Galleries doomed to decay

Research on the county portrait galleries

A project modestly supported by the National Cultural Fund was launched some years ago aimed at the research and reconstruction of Hungary’s county portrait galleries. In the first phase, the portrait series once decorating the general assembly halls of modern-day Hungary’s seven counties were identified and a home page presenting the buildings and the paintings was made. The homepage is now closed and the project was stopped due to the lack of funds, even though this material and its research threw new light on a ‘rather neglected’ area of Hungarian cultural history. “Rather neglected” refers to the fact that studies have actually been written on the theme with the aim of providing a summary and also taking a look at individual items.

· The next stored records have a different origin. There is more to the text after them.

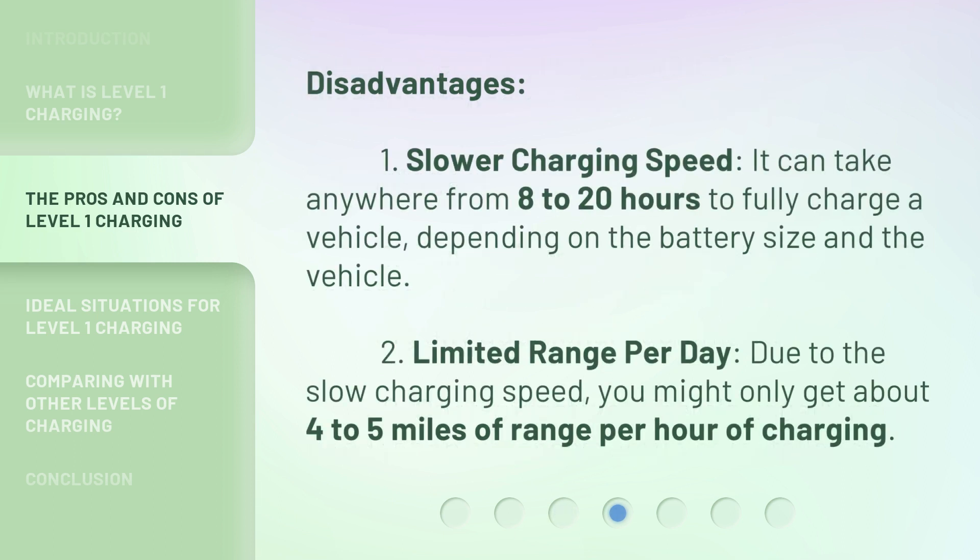Disadvantages: First, slower charging speed — it can take anywhere from 8 to 20 hours to fully charge a vehicle, depending on the battery size and the vehicle. Second, limited range per day — due to the slow charging speed, you might only get about four to five miles of range per hour of charging.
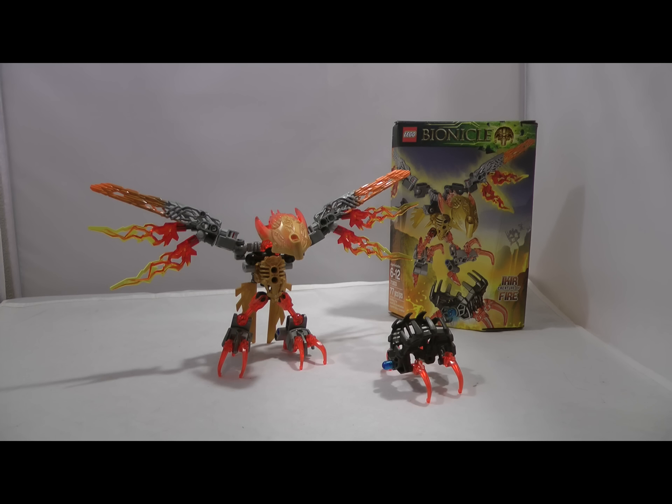Hey guys, William Inferno here today with another LEGO Bionicle 2016 review. This time we're going to be taking a look at Ichor, Creature of Fire. I just want to state I don't know exactly how to pronounce it — I'm normally going to say Ichor, because that's what I first saw it as, but I've heard people also call it Ikir. I think Ikir rolls off the tongue a little better, so I might call it Ikir. LEGO has not officially released the correct pronunciation. So, let's get into it.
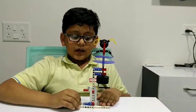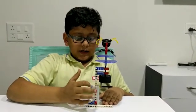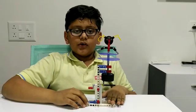In this ballerina, the main part is the camshaft. Let me show you a demo.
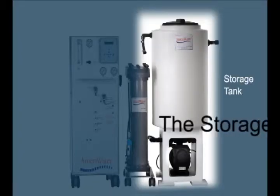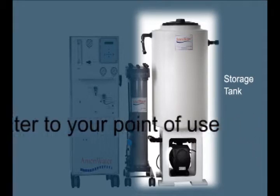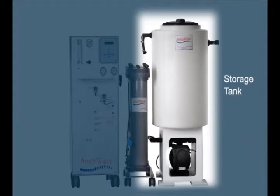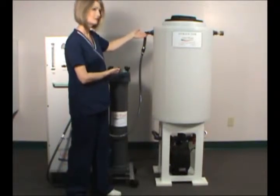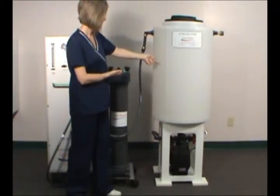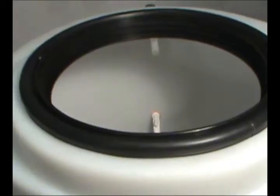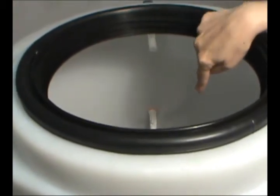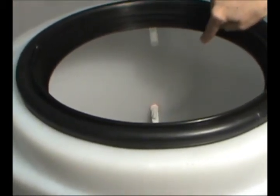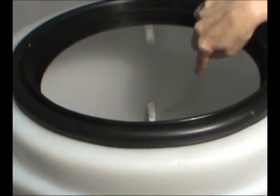The third component of AmeriWater's high quality water treatment system is the Storage Tank and Distribution Pump Package. Purified water from the Deionizer enters the storage tank at the top, allowing it to store a constant source of high quality water. Inside the tank, two float level switches control the on-off operation of the RO. When the water level drops from the top switch to the bottom switch, the RO turns back on.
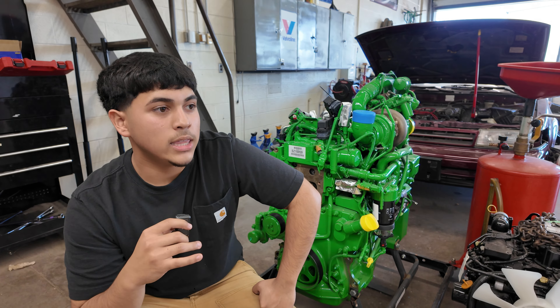In the beginning of our class we will learn about the parts, do a tool ID where we identify tools, and then finally we do a parts ID — the parts of the engine — and then we disassemble them.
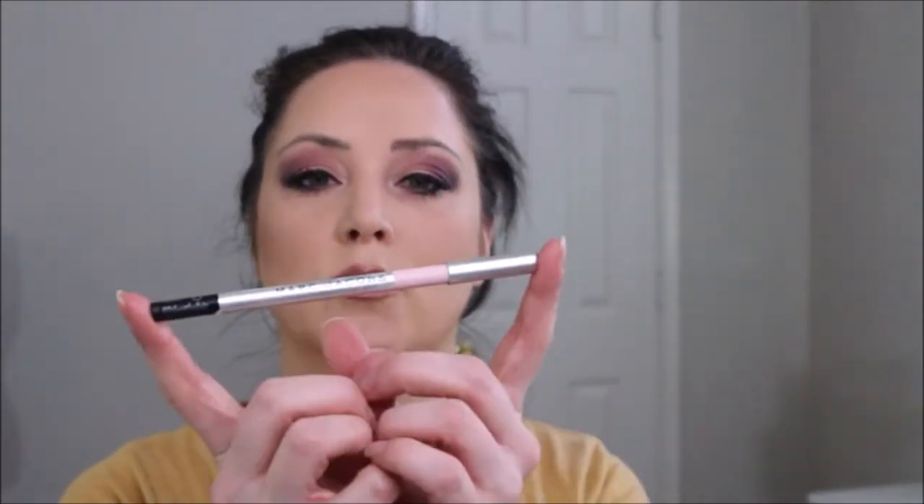To make sure my waterline looks awake, I'm going to use the new Marc Jacobs High Liner matte gel crayon, and this color is in Pink of Me.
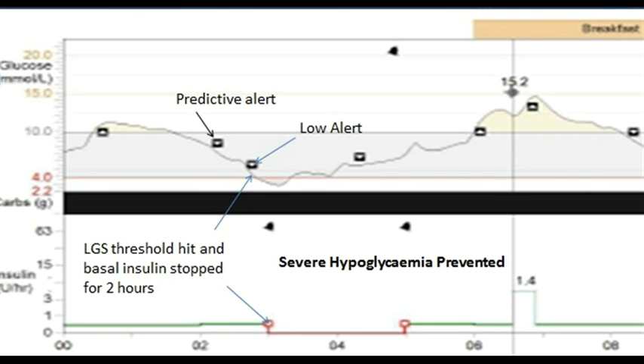Which is brilliant because it prevented a severe hypo, but you can see what happened by the morning — I actually rose up to 15 because the insulin was suspended for two hours. If it had kicked back in maybe after an hour or so, that would hopefully have prevented the high on the other side. But I didn't wake up with those alarms, and you can see there were six alarms through that night, which again can become a little bit tiresome.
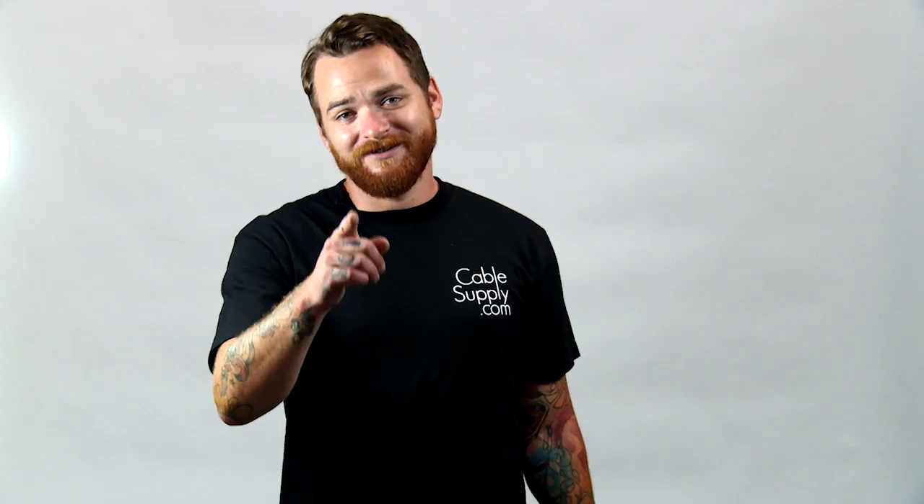And today I'm going to show you how to cut a hole in the drywall. This is David, signing out — you stay classy, Internet.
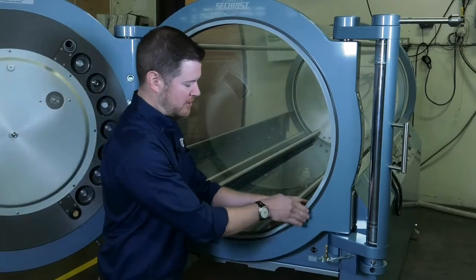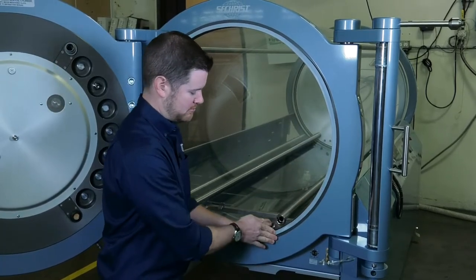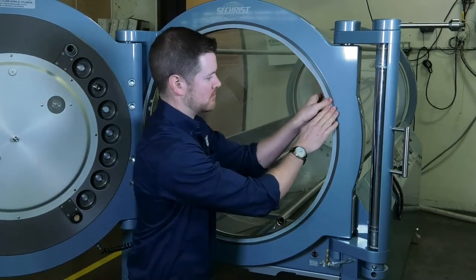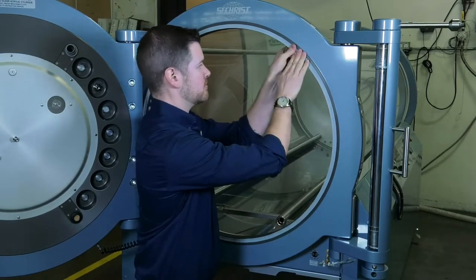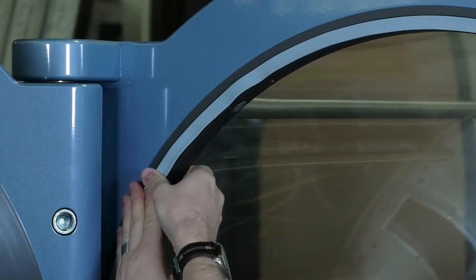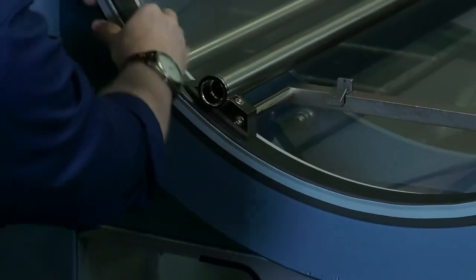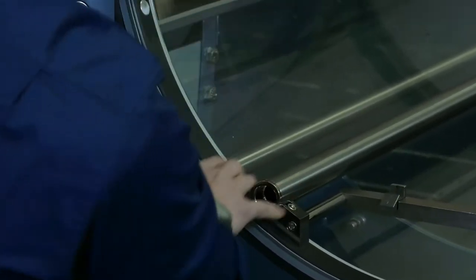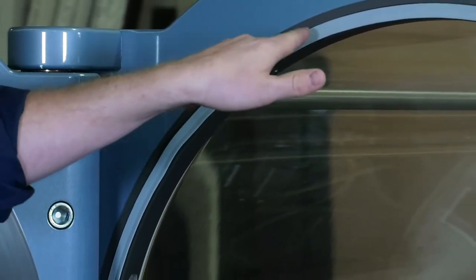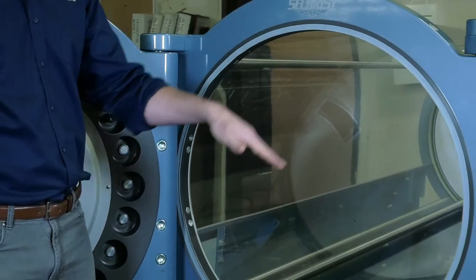Now we're going to just fill in all the spots, pushing in this door seal all the way around the chamber. At this stage, the door seal doesn't need to look perfect. You may notice that it's sticking out in some areas — that's okay. We're going to close the door, and closing the door will reseat the door seal all the way around.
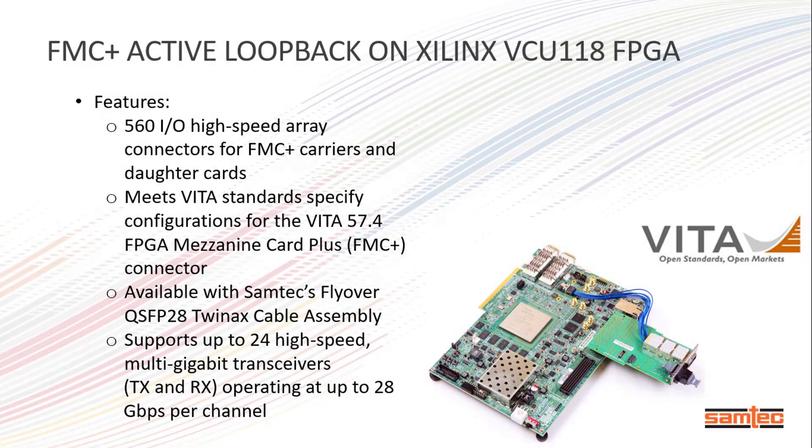In this brief video, SAMTAC will be featuring its FMC Plus Active Loopback Card, working in tandem with the Xilinx VCU-118 FPGA Development Kit.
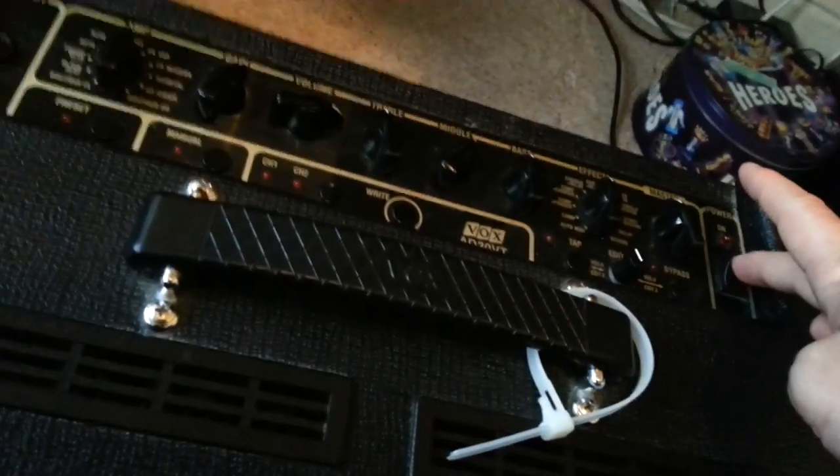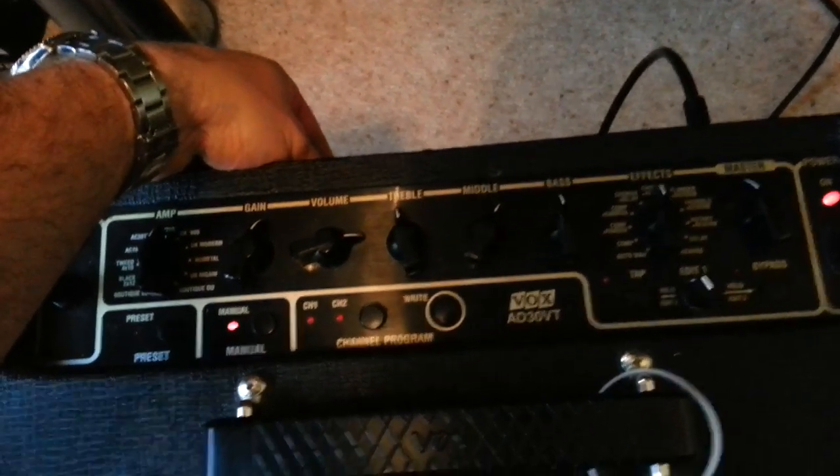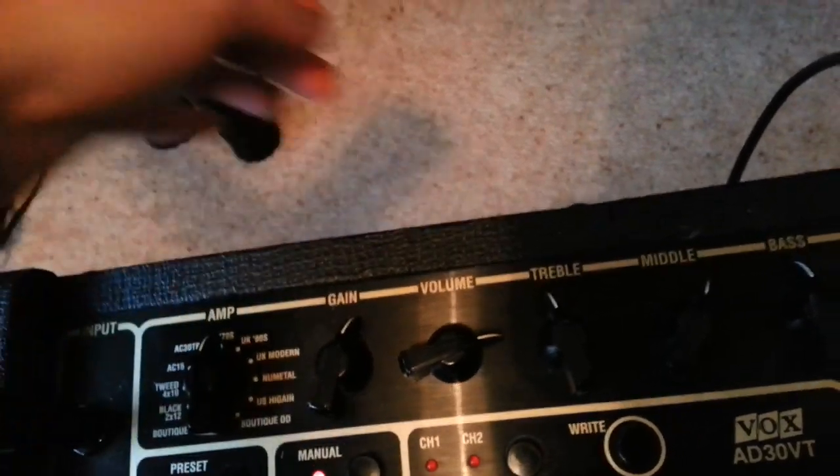Power off. I'm going to turn the power back on again and see what happens. Plug back in, frig with the power — coming back up again. Let's stay there. Going to AC30 again — it's gone away.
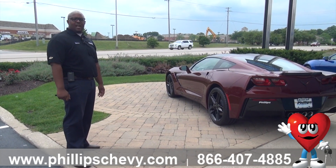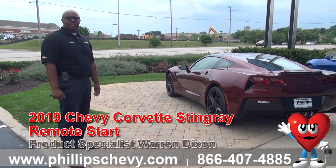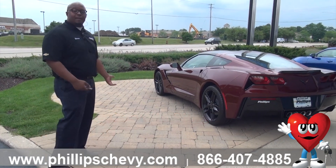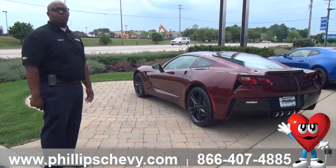Hey guys, Warren here from Phillips Chevrolet out in Frankfurt, the number one Chevy dealership in the Midwest. I got a 2019 Chevy Corvette Stingray, and I'm going to show you guys how to do a remote start.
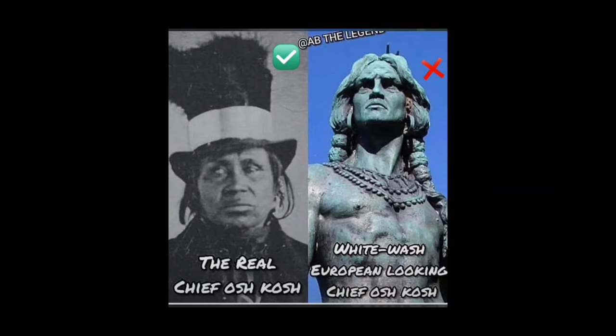Welcome back to another episode of Hidden Heritage. Today we are going to be talking about whitewashed heritage and how replacing the heritage is just as bad as suppressing the heritage. So you have in front of you the real Chief Oshkosh next to a whitewashed version of it.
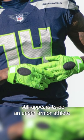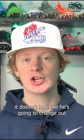DK Metcalf still appears to be an Under Armour athlete. He's been wearing their stuff since he first entered the league in 2019 or so, and he doesn't look like he's going to change out anytime soon.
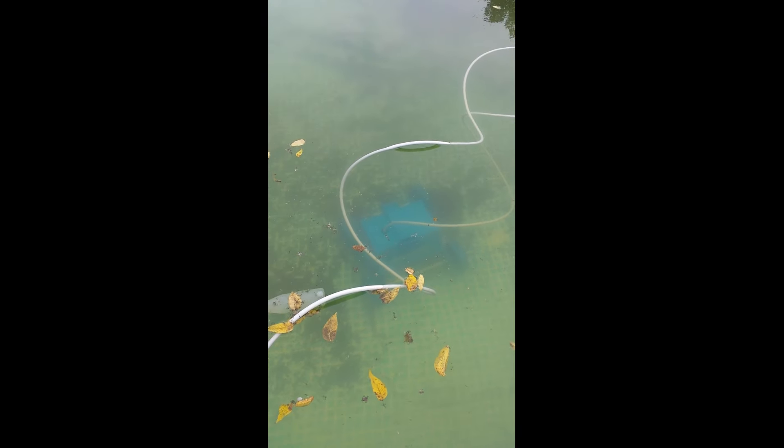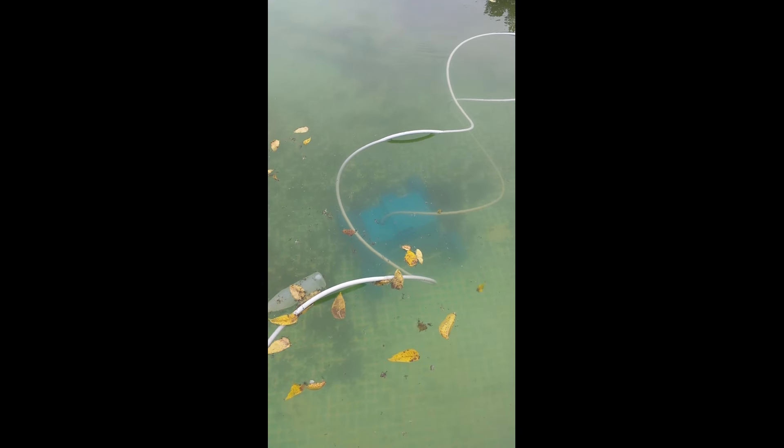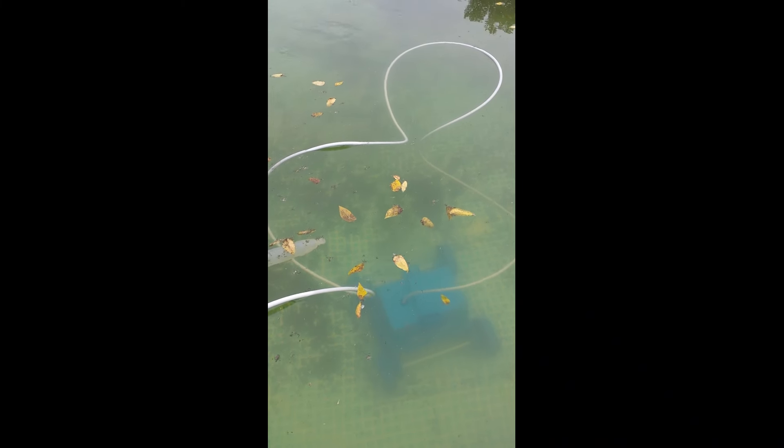Wish I would have had this in the spring. But if anybody's having the same problem with their pool, I recommend this so far. I just got it in the mail about ten minutes ago, but I'll make another video later and see how good it done.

Once the most important means of power representation, these portrait galleries were integral parts of the public buildings of the counties. They were referred to as symbols of power capturing Hungary’s past and the history of the counties. As Benedek Göndöcs, abbey parish priest of Gyula, said on 13 May 1878 at the opening ceremony of the general assembly of the Békés County Archaeological and Cultural History Society, “through the portraits they wished to preserve the memory of prominent figures […] who belonged not only to us but to the homeland and the nation […] and leave it to coming generations as a worthy memorial.”

More and more portraits were painted, even in the interwar years, and some 150 years after their making they became ’redundant’. However, posterity did not wish to remember the history evoked by these works, and their artistic value counted for nothing. These portrait galleries were got rid of in a haste and only in lucky cases were they only removed and not destroyed. Most ended up in countryside museums and from the 1960s were stored in county museum vaults, while some were transferred to country level museums. Some pictures were in such poor condition that they were as good as destroyed, and some were lost, neglected or went missing.

In some cases county museums had works transferred to country collections (e.g. Nógrád County) quoting various difficulties (storage, preservation) as a reason, but it also happened on more than one occasion that county portrait galleries transferred beyond Hungary’s border were eventually returned to county museums in Hungary.

The inclusion of these portraits in county galleries had once been regarded as a public affair: county assemblies voted on the persons whose portraits could be painted and the scale of its cost. The artists were only selected by the county in certain cases, and even then the decision was made by a board.

The more than seventy county halls that are still standing preserve a unique building type of Hungary’s architectural history. Once the emblems of power, today these sites of our national history are monumental buildings without an exception.